Another finance first for al-Omair

The chairman of Saudi Orix Leasing Co. managed to launch Saudi Arabia’s first-ever domestic corporate bond issue in March, just days before the war started. SOLC had spent a year working with regulators and intermediaries to structure the landmark deal, and al-Omair wasn’t about to let that effort go to waste. The former Finance vice minister believes that once the Iraqi conflict is resolved, “things will go back to business as usual. I am always optimistic, never pessimistic.”

The 50 million-riyal ($13.3 million) offering is guaranteed by the International Finance Corp., the World Bank’s private sector lending arm, which owns 10 percent of SOLC, and by Saudi Investment Bank, which has a 28 percent stake.
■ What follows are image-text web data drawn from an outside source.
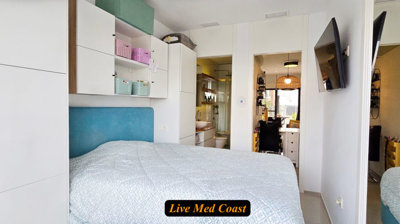 65789la-zenia-beach-ii-9-1110x623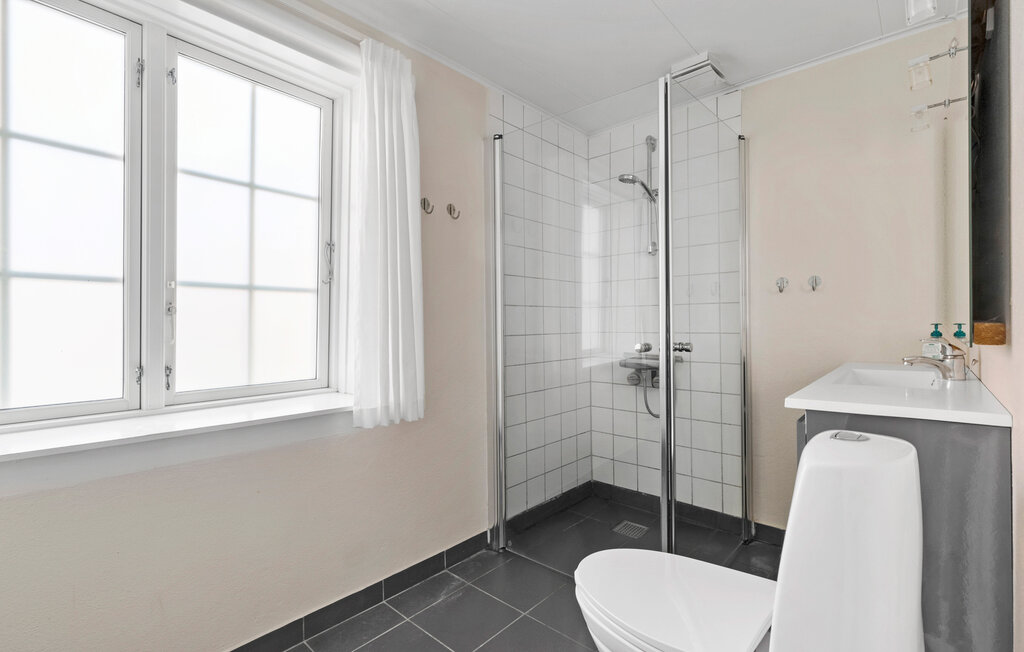 Ferienwohnung - Svaneke , Dänemark - I58501 19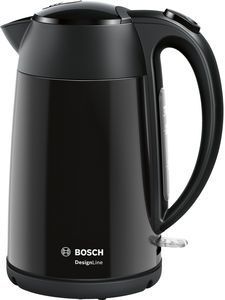 Bosch TWK3P423 kuhalnik za vodo 1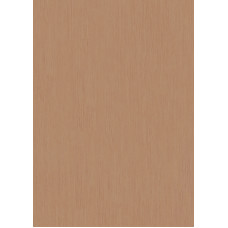 Шпалери Marburg Tango D. Langer 58815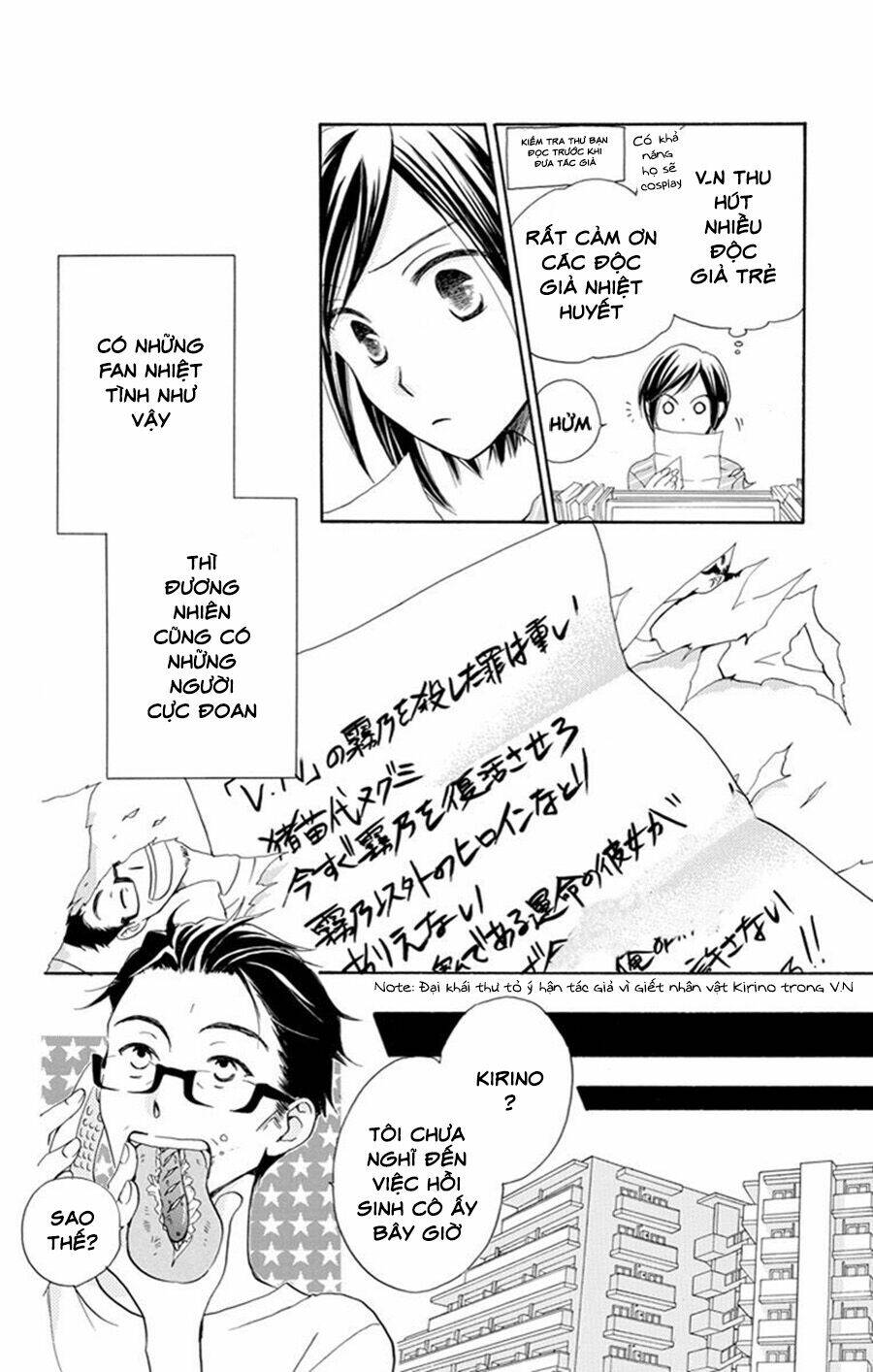 page_16.jpg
The guarantee ensures that the bond is treated as a banking product and therefore regulated by the Saudi Arabian Monetary Authority rather than subject to review by a shari’a court, where edicts are less predictable.

With the Saudi government weighing legislation to liberalize its capital markets, more companies could follow SOLC’s lead. “This is a modest transaction in terms of the size of the Saudi market and the potential,” says Sami Haddad, IFC’s director for the Middle East and North Africa.

This isn’t al-Omair’s first groundbreaking transaction. Two years ago he established SOLC in partnership with Japan’s Orix Leasing as the kingdom’s first nonbank financial company. In 1997 he launched the Saudi Arabian Investment Fund, the first vehicle to allow foreigners to buy Saudi stocks. And he’s already seeking partners for his next venture. “What the country needs,” he says, “is investment banking.”